She reported that her attorneys got in touch with Dr. Siddiqui’s attorney and that they knew that Dr. Siddiqui was still alive.

“To update all of you and to alleviate your concerns and to clarify that Aafia is still alive. How do I know? Through my attorneys: Stephen Downs and Kathy Manley. I know that Aafia’s attorney has visited Aafia on the 23rd of April, physically, and she has seen Aafia and Aafia was very much alive,” Dr. Siddiqui’s sister said. “She may be physically and mentally weak, but she was very much alive.”

In fact, her sister has been advocating for Dr. Siddiqui’s justice and revealing the lies told by the U.S. government to cover up their crime.

In an interview on Front Line With Kamran Shahid, Dr. Siddiqui’s family exposed the atrocities committed by U.S. agents as well as the torture and the abuse that Dr. Siddiqui underwent when she was in secret detention.

According to the forwarded alert by Islamic Human Rights Commission (IHRC) in 2010, Dr. Siddiqui was “forcefully stripped by six men and then repeatedly sexually abused,” “beaten with rifle butts until she bled,” “bound to a bed, with her hands and feet tied,” “injected with unknown substances,” “dragged by her hair,” “having her hairs pulled out one by one,” and “forced to walk on the Quran which had been desecrated in her cell whilst naked.”

In April 2015, Downs and Manley were with Dr. Siddiqui’s sister in Pakistan, discussing their hopes and aspirations regarding Dr. Siddiqui’s case.

“The overall goal is to get our sister back from America, repatriated to Pakistan. So that’s what we’re hoping to start a movement in that direction to get Aafia back … Obama has two years left in his presidency, and he wants to start the road to peace,” Downs said. “He’s going around exchanging people that are essentially prisoners of war — that are political prisoners, and Aafia is the most famous political prisoner in the world. He has every reason to want to exchange her.”

This September 20, Dr. Omar Suleiman, the founder and president of Yaqeen Institute, spoke in defense of Dr.
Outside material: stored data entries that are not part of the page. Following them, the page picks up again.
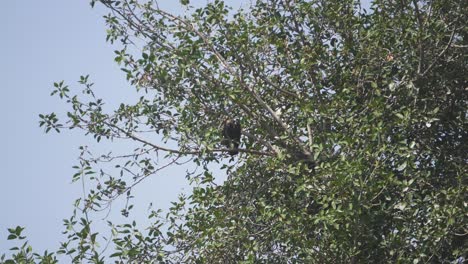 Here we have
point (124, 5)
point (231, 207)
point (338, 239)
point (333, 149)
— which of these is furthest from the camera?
point (124, 5)

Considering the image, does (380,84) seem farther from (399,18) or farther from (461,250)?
(461,250)

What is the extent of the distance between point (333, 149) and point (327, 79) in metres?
1.54

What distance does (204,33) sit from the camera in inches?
337

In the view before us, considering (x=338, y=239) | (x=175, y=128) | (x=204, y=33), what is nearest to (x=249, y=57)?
(x=204, y=33)

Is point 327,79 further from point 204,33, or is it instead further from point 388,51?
point 204,33

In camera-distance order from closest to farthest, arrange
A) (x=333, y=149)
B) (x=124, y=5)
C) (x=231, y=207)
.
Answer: (x=333, y=149)
(x=231, y=207)
(x=124, y=5)

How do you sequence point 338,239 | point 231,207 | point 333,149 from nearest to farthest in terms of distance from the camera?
point 338,239 → point 333,149 → point 231,207

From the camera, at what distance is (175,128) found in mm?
8469

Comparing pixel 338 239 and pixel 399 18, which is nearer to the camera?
pixel 338 239

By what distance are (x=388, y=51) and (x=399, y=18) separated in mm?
393

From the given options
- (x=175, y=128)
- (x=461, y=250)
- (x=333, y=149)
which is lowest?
(x=461, y=250)

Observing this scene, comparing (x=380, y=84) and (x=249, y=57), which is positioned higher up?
(x=249, y=57)

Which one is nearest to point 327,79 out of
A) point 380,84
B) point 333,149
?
point 380,84

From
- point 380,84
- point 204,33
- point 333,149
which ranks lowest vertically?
point 333,149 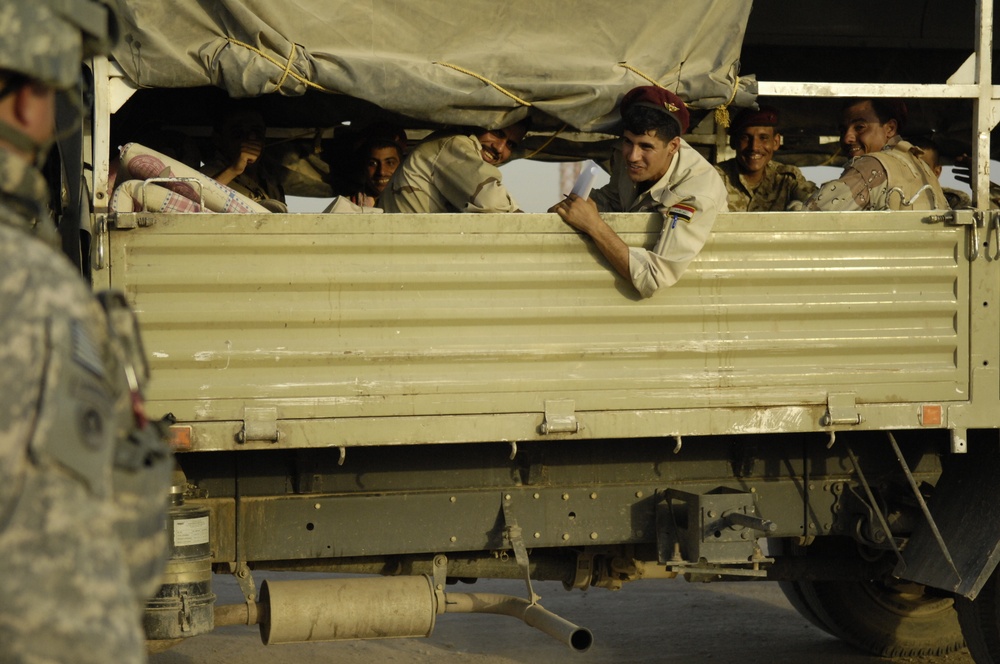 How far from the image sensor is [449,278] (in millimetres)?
3779

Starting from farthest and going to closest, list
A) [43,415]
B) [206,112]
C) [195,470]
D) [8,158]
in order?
[206,112], [195,470], [8,158], [43,415]

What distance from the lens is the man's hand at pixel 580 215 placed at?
382 centimetres

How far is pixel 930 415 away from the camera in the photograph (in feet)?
13.2

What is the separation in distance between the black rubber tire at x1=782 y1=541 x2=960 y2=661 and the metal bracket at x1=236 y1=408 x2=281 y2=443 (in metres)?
2.90

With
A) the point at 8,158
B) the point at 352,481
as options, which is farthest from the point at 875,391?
the point at 8,158

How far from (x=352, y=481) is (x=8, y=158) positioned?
2311mm

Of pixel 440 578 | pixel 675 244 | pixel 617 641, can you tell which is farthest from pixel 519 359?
pixel 617 641

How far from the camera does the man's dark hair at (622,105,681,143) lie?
13.2ft

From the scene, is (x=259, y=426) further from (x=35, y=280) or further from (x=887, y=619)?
(x=887, y=619)

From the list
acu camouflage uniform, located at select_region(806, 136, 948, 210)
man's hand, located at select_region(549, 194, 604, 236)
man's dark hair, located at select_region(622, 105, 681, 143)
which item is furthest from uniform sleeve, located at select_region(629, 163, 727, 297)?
acu camouflage uniform, located at select_region(806, 136, 948, 210)

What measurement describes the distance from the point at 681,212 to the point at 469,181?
30.5 inches

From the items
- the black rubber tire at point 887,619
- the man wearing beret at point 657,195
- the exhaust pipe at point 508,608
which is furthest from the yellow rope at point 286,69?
the black rubber tire at point 887,619

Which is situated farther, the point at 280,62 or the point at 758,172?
the point at 758,172

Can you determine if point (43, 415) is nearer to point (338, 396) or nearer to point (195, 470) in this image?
point (338, 396) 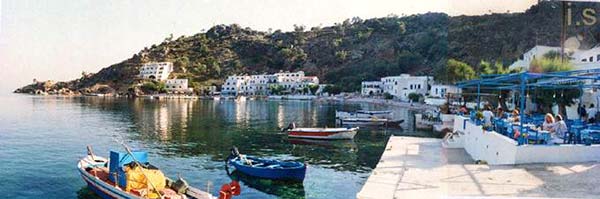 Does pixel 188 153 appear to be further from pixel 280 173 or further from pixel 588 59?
pixel 588 59

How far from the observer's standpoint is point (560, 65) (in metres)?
20.7

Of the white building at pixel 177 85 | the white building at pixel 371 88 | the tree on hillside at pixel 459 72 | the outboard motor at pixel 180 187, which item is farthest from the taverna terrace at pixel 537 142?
the white building at pixel 177 85

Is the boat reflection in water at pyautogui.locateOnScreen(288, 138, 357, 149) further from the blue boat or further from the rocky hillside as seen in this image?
the rocky hillside

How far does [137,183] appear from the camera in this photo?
9523 mm

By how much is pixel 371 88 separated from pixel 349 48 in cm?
3104

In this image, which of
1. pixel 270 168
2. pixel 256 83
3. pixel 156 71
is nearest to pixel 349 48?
pixel 256 83

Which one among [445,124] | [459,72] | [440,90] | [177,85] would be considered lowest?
[445,124]

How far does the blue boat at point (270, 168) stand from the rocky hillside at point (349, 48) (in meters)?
41.8

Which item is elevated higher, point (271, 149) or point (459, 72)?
point (459, 72)

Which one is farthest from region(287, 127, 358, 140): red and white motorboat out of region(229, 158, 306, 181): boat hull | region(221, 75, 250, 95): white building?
region(221, 75, 250, 95): white building

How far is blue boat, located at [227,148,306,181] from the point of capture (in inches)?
487

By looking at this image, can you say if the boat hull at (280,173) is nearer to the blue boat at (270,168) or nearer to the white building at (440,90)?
the blue boat at (270,168)

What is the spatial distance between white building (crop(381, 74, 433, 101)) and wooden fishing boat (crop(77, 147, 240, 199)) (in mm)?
52000

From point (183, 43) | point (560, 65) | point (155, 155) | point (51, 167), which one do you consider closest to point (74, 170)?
point (51, 167) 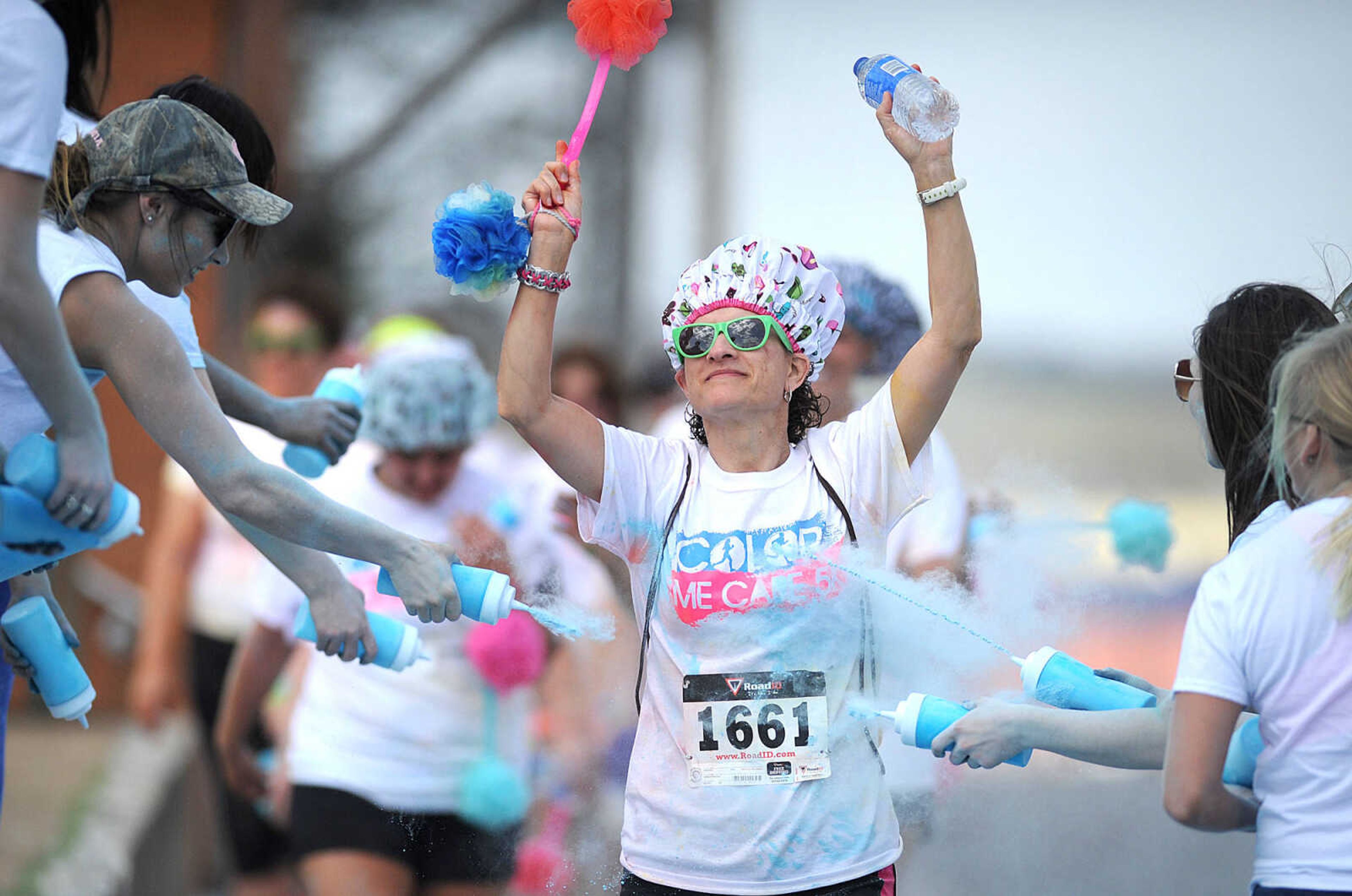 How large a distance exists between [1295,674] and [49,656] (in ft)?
6.64

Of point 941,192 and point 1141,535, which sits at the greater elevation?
point 941,192

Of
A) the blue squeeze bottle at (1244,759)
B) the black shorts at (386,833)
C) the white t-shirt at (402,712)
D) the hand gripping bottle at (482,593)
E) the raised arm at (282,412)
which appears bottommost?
the black shorts at (386,833)

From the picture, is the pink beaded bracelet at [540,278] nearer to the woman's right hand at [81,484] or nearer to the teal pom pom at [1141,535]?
the woman's right hand at [81,484]

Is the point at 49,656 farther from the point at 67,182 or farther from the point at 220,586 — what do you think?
the point at 220,586

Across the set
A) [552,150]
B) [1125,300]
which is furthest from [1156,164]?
[552,150]

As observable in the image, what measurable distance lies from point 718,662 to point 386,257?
5655mm

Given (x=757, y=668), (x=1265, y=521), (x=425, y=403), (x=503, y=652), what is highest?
(x=1265, y=521)

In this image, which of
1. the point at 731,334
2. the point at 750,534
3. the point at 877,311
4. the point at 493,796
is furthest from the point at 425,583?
the point at 877,311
Siddiqui at the Fort Worth support rally, calling Aafia’s case “one of the greatest violations of human rights in the 9/11 era.”

“If our sister’s not treated with dignity, we’ll be back next week. If we hear that she’s assaulted again, we’ll be back again. … And we’ll make sure that every one knows that this institution that is infamous for mistreating the prisoners is continuing to mistreat an innocent sister,” Dr. Suleiman said.

In their report Off the Record: U.S. Responsibility for Enforced Disappearances in the “War on Terror,” Human Rights Watch (HRW) reported that Former President George W. Bush revealed on September 6, 2006, that the United States had a system of secret detention running for the “War on Terror,” without disclosing the number of individuals who were detained. 

Even though the United States denied secretly detaining Dr. Siddiqui, Siddiqui’s lawyer Elaine Whitfield Sharp revealed quite the opposite.

“According to Siddiqui, on the day she left her mother’s house with her three children, the cab they left in detoured from the usual route to the station. The driver took a back road and this is when two black cars pulled up, held the cab driver at gunpoint while the other men opened the back door and took the children. Siddiqui herself was then dragged from the cab and given something that knocked her out,” Whitfield Sharp said.

“Siddiqui said she was drugged, electrocuted, tortured, and threatened with her kids being harmed. They threatened to rape her daughter, told her that Ahmed was dead, and said that they would shoot her baby son and asked if she would like to watch,” she continued.

Similarly, Binyam Mohamed, a British resident who was subjected to “extraordinary rendition” and torture in Guantánamo, Bagram, and the “Dark Prison” without any charges, said he saw Dr. Siddiqui in Bagram detention as “Prisoner 650.”

“We were frightened by the guards not to communicate with her, because they feared that we would talk to her, and we would know who she was. So they told us that she was a spy from Pakistan, working with the government, and the Americans brought her to Bagram,” Mohamed said. 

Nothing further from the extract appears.